How to complete this task —
Take the whole listing and reproduce it exactly, pictures excepted.

Available data —
----------
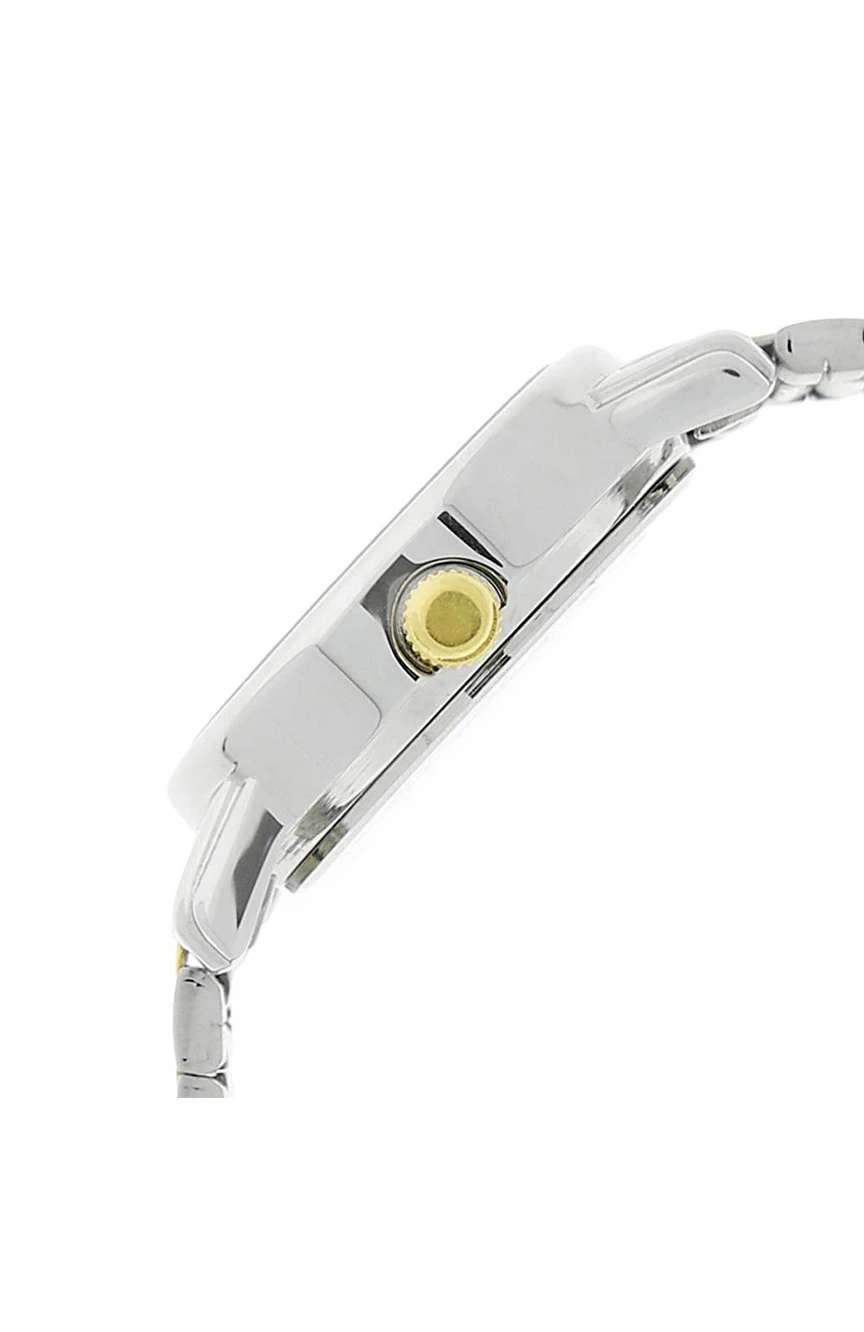 Titan Karishma White Dial Analog with Date Stainless Steel Strap watch for Women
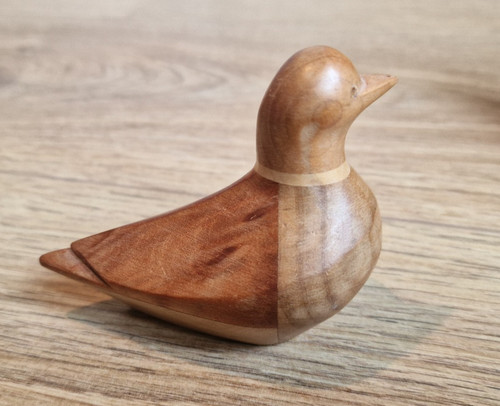 Holzente vogel holz figur ente - figur,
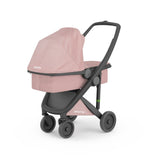 Wózek dziecięcy Greentom Carrycot v2.1 Black Blossom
----------
Answer below —
 Titan Karishma White Dial Analog with Date Stainless Steel Strap watch for Women
 Holzente vogel holz figur ente - figur,
 Wózek dziecięcy Greentom Carrycot v2.1 Black Blossom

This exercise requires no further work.